• **EXERCISE GOAL**
The answer must consist of the records, repeated exactly.
------ SUPPLIED INFORMATION
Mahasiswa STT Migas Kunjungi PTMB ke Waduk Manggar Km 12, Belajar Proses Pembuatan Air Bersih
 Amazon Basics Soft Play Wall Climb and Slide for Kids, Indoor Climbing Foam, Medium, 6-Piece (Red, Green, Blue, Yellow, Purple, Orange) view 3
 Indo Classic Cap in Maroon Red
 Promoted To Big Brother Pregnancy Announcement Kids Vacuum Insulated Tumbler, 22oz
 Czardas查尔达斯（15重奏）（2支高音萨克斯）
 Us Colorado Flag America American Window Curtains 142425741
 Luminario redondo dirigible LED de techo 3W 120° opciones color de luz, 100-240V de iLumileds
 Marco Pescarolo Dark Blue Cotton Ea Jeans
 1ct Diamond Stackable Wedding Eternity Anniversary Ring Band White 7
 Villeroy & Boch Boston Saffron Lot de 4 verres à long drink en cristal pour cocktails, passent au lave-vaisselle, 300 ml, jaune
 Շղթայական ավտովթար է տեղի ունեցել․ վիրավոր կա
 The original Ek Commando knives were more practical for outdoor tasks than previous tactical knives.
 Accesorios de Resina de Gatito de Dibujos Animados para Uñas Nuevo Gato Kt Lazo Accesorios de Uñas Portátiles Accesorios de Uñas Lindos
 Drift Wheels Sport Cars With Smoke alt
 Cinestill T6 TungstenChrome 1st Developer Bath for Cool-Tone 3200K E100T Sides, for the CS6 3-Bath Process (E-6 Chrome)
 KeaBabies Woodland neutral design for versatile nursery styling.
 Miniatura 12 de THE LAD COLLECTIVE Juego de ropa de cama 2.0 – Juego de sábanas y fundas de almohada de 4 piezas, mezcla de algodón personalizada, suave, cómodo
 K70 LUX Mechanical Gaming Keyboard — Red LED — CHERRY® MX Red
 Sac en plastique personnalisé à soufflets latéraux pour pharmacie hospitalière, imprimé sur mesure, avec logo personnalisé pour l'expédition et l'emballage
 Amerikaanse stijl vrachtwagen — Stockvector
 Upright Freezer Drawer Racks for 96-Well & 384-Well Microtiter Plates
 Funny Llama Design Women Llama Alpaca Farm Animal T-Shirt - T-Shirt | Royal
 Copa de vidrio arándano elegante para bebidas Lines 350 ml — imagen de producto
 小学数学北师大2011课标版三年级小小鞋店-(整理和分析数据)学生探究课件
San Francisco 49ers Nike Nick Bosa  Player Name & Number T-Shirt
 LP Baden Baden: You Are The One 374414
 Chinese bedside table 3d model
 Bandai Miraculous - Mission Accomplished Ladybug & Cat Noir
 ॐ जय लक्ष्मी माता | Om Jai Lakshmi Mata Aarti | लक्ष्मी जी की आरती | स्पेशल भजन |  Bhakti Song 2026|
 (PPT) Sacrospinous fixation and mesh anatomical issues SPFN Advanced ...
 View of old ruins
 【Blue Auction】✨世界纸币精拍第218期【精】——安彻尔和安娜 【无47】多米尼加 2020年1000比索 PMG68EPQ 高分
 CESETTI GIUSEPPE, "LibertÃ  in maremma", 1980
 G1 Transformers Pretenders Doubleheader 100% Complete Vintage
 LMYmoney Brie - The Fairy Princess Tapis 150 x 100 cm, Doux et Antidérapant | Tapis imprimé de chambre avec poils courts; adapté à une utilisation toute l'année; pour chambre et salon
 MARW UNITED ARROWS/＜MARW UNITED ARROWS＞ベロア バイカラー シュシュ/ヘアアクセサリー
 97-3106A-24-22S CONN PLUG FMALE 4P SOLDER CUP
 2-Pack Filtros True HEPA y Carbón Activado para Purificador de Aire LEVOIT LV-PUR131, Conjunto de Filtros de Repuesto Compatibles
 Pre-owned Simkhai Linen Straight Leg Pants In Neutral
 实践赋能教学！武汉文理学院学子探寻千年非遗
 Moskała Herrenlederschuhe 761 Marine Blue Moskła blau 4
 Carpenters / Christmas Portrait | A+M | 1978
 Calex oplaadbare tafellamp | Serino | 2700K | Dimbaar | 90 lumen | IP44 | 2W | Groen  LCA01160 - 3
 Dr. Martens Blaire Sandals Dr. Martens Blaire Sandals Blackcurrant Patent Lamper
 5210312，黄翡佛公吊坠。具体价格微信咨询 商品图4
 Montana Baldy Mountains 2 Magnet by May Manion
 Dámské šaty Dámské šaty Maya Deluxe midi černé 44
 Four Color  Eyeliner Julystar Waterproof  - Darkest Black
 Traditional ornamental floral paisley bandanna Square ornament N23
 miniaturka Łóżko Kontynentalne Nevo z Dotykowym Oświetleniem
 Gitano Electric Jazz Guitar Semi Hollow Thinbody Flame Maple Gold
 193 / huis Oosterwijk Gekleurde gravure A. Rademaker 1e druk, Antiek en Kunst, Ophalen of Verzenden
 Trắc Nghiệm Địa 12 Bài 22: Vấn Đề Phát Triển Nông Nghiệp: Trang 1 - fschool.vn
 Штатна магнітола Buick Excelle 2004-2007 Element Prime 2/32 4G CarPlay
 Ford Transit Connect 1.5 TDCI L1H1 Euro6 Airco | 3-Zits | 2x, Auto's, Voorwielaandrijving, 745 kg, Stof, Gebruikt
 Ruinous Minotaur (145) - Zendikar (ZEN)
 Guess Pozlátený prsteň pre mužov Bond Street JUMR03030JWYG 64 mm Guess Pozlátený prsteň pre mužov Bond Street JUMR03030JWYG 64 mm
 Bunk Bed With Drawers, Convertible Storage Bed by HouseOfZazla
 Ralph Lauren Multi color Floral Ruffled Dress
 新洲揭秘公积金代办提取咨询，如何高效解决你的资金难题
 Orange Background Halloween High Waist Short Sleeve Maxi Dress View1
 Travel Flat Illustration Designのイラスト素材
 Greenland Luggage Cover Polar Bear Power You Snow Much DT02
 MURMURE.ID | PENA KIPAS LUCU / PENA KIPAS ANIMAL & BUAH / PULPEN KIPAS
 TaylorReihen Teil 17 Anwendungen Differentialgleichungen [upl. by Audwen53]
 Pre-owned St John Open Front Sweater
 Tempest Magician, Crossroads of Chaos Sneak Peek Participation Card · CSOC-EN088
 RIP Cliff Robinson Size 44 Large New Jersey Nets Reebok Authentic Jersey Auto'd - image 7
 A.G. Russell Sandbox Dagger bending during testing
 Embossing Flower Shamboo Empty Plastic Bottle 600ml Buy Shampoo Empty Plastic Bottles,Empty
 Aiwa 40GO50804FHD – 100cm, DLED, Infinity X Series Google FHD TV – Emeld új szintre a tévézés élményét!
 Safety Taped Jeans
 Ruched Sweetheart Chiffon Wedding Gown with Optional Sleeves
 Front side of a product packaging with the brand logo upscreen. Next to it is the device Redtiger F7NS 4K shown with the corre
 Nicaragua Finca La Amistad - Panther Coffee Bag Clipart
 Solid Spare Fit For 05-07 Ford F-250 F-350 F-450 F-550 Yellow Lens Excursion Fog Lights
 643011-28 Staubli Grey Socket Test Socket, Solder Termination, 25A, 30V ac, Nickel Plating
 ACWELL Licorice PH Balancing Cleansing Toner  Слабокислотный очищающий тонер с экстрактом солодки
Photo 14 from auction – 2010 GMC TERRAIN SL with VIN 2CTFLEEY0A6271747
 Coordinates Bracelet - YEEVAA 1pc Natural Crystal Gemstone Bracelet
------------
• **ANSWER TO THIS PROBLEM**
Mahasiswa STT Migas Kunjungi PTMB ke Waduk Manggar Km 12, Belajar Proses Pembuatan Air Bersih
 Amazon Basics Soft Play Wall Climb and Slide for Kids, Indoor Climbing Foam, Medium, 6-Piece (Red, Green, Blue, Yellow, Purple, Orange) view 3
 Indo Classic Cap in Maroon Red
 Promoted To Big Brother Pregnancy Announcement Kids Vacuum Insulated Tumbler, 22oz
 Czardas查尔达斯（15重奏）（2支高音萨克斯）
 Us Colorado Flag America American Window Curtains 142425741
 Luminario redondo dirigible LED de techo 3W 120° opciones color de luz, 100-240V de iLumileds
 Marco Pescarolo Dark Blue Cotton Ea Jeans
 1ct Diamond Stackable Wedding Eternity Anniversary Ring Band White 7
 Villeroy & Boch Boston Saffron Lot de 4 verres à long drink en cristal pour cocktails, passent au lave-vaisselle, 300 ml, jaune
 Շղթայական ավտովթար է տեղի ունեցել․ վիրավոր կա
 The original Ek Commando knives were more practical for outdoor tasks than previous tactical knives.
 Accesorios de Resina de Gatito de Dibujos Animados para Uñas Nuevo Gato Kt Lazo Accesorios de Uñas Portátiles Accesorios de Uñas Lindos
 Drift Wheels Sport Cars With Smoke alt
 Cinestill T6 TungstenChrome 1st Developer Bath for Cool-Tone 3200K E100T Sides, for the CS6 3-Bath Process (E-6 Chrome)
 KeaBabies Woodland neutral design for versatile nursery styling.
 Miniatura 12 de THE LAD COLLECTIVE Juego de ropa de cama 2.0 – Juego de sábanas y fundas de almohada de 4 piezas, mezcla de algodón personalizada, suave, cómodo
 K70 LUX Mechanical Gaming Keyboard — Red LED — CHERRY® MX Red
 Sac en plastique personnalisé à soufflets latéraux pour pharmacie hospitalière, imprimé sur mesure, avec logo personnalisé pour l'expédition et l'emballage
 Amerikaanse stijl vrachtwagen — Stockvector
 Upright Freezer Drawer Racks for 96-Well & 384-Well Microtiter Plates
 Funny Llama Design Women Llama Alpaca Farm Animal T-Shirt - T-Shirt | Royal
 Copa de vidrio arándano elegante para bebidas Lines 350 ml — imagen de producto
 小学数学北师大2011课标版三年级小小鞋店-(整理和分析数据)学生探究课件
San Francisco 49ers Nike Nick Bosa  Player Name & Number T-Shirt
 LP Baden Baden: You Are The One 374414
 Chinese bedside table 3d model
 Bandai Miraculous - Mission Accomplished Ladybug & Cat Noir
 ॐ जय लक्ष्मी माता | Om Jai Lakshmi Mata Aarti | लक्ष्मी जी की आरती | स्पेशल भजन |  Bhakti Song 2026|
 (PPT) Sacrospinous fixation and mesh anatomical issues SPFN Advanced ...
 View of old ruins
 【Blue Auction】✨世界纸币精拍第218期【精】——安彻尔和安娜 【无47】多米尼加 2020年1000比索 PMG68EPQ 高分
 CESETTI GIUSEPPE, "LibertÃ  in maremma", 1980
 G1 Transformers Pretenders Doubleheader 100% Complete Vintage
 LMYmoney Brie - The Fairy Princess Tapis 150 x 100 cm, Doux et Antidérapant | Tapis imprimé de chambre avec poils courts; adapté à une utilisation toute l'année; pour chambre et salon
 MARW UNITED ARROWS/＜MARW UNITED ARROWS＞ベロア バイカラー シュシュ/ヘアアクセサリー
 97-3106A-24-22S CONN PLUG FMALE 4P SOLDER CUP
 2-Pack Filtros True HEPA y Carbón Activado para Purificador de Aire LEVOIT LV-PUR131, Conjunto de Filtros de Repuesto Compatibles
 Pre-owned Simkhai Linen Straight Leg Pants In Neutral
 实践赋能教学！武汉文理学院学子探寻千年非遗
 Moskała Herrenlederschuhe 761 Marine Blue Moskła blau 4
 Carpenters / Christmas Portrait | A+M | 1978
 Calex oplaadbare tafellamp | Serino | 2700K | Dimbaar | 90 lumen | IP44 | 2W | Groen  LCA01160 - 3
 Dr. Martens Blaire Sandals Dr. Martens Blaire Sandals Blackcurrant Patent Lamper
 5210312，黄翡佛公吊坠。具体价格微信咨询 商品图4
 Montana Baldy Mountains 2 Magnet by May Manion
 Dámské šaty Dámské šaty Maya Deluxe midi černé 44
 Four Color  Eyeliner Julystar Waterproof  - Darkest Black
 Traditional ornamental floral paisley bandanna Square ornament N23
 miniaturka Łóżko Kontynentalne Nevo z Dotykowym Oświetleniem
 Gitano Electric Jazz Guitar Semi Hollow Thinbody Flame Maple Gold
 193 / huis Oosterwijk Gekleurde gravure A. Rademaker 1e druk, Antiek en Kunst, Ophalen of Verzenden
 Trắc Nghiệm Địa 12 Bài 22: Vấn Đề Phát Triển Nông Nghiệp: Trang 1 - fschool.vn
 Штатна магнітола Buick Excelle 2004-2007 Element Prime 2/32 4G CarPlay
 Ford Transit Connect 1.5 TDCI L1H1 Euro6 Airco | 3-Zits | 2x, Auto's, Voorwielaandrijving, 745 kg, Stof, Gebruikt
 Ruinous Minotaur (145) - Zendikar (ZEN)
 Guess Pozlátený prsteň pre mužov Bond Street JUMR03030JWYG 64 mm Guess Pozlátený prsteň pre mužov Bond Street JUMR03030JWYG 64 mm
 Bunk Bed With Drawers, Convertible Storage Bed by HouseOfZazla
 Ralph Lauren Multi color Floral Ruffled Dress
 新洲揭秘公积金代办提取咨询，如何高效解决你的资金难题
 Orange Background Halloween High Waist Short Sleeve Maxi Dress View1
 Travel Flat Illustration Designのイラスト素材
 Greenland Luggage Cover Polar Bear Power You Snow Much DT02
 MURMURE.ID | PENA KIPAS LUCU / PENA KIPAS ANIMAL & BUAH / PULPEN KIPAS
 TaylorReihen Teil 17 Anwendungen Differentialgleichungen [upl. by Audwen53]
 Pre-owned St John Open Front Sweater
 Tempest Magician, Crossroads of Chaos Sneak Peek Participation Card · CSOC-EN088
 RIP Cliff Robinson Size 44 Large New Jersey Nets Reebok Authentic Jersey Auto'd - image 7
 A.G. Russell Sandbox Dagger bending during testing
 Embossing Flower Shamboo Empty Plastic Bottle 600ml Buy Shampoo Empty Plastic Bottles,Empty
 Aiwa 40GO50804FHD – 100cm, DLED, Infinity X Series Google FHD TV – Emeld új szintre a tévézés élményét!
 Safety Taped Jeans
 Ruched Sweetheart Chiffon Wedding Gown with Optional Sleeves
 Front side of a product packaging with the brand logo upscreen. Next to it is the device Redtiger F7NS 4K shown with the corre
 Nicaragua Finca La Amistad - Panther Coffee Bag Clipart
 Solid Spare Fit For 05-07 Ford F-250 F-350 F-450 F-550 Yellow Lens Excursion Fog Lights
 643011-28 Staubli Grey Socket Test Socket, Solder Termination, 25A, 30V ac, Nickel Plating
 ACWELL Licorice PH Balancing Cleansing Toner  Слабокислотный очищающий тонер с экстрактом солодки
Photo 14 from auction – 2010 GMC TERRAIN SL with VIN 2CTFLEEY0A6271747
 Coordinates Bracelet - YEEVAA 1pc Natural Crystal Gemstone Bracelet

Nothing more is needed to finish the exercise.